A Vanguarda do Cinema de Ação

Texto de Davi Pieri

O cinema blockbuster contemporâneo assumiu, nas últimas duas décadas, uma escolha estética pela aparência de realismo. Jamais um realismo de fato, coisa que, na Hollywood contemporânea, poucos diretores buscaram e alcançaram com honestidade e profundidade - diretores como Michael Mann, Clint Eastwood e Shyamalan (este último apenas em alguns de seus filmes). Já em 2008, a tônica predominante no blockbuster hollywoodiano estava mais para O Cavaleiro das Trevas (Cristopher Nolan, 2008) e bem menos para Speed Racer (Lilly e Lana Wachowski, 2008). Tendência esta que pode ser bem observada na recepção da crítica americana (e brasileira, com muitos copycats dos piores portais de “crítica” gringos) quanto a ambos os filmes, e no sucesso de bilheteria do filme de Nolan, ao lado do fracasso da obra das Wachowski.
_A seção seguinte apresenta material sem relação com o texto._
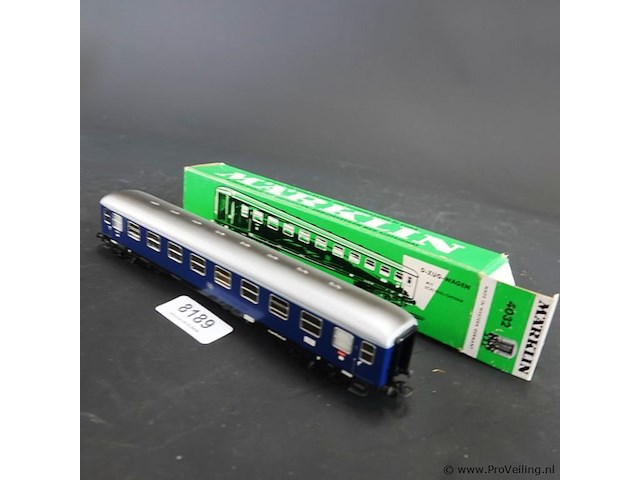 Märklin sneltreinrijtuig (d-zug-wagen) van de duitse spoorwegen (db) - afbeelding 1 van  3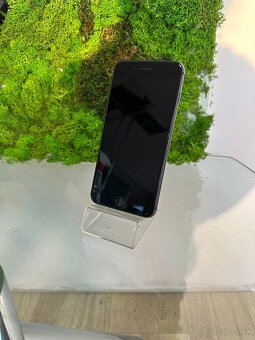 Apple iPhone 8 Plus 64gb Space Gray - 2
O falso realismo que tomou de assalto o cinema de gênero de Hollywood se explicitava cada vez mais como um fenômeno de mercado, alimentado pelos cineastas que o representavam e pela construção de gosto da “crítica” americana medíocre que exigia “coerência” narrativa, visual e um bom-mocismo formal que encontrava solução fácil pela ilusão de sentido e racionalidade vendida aos espectadores.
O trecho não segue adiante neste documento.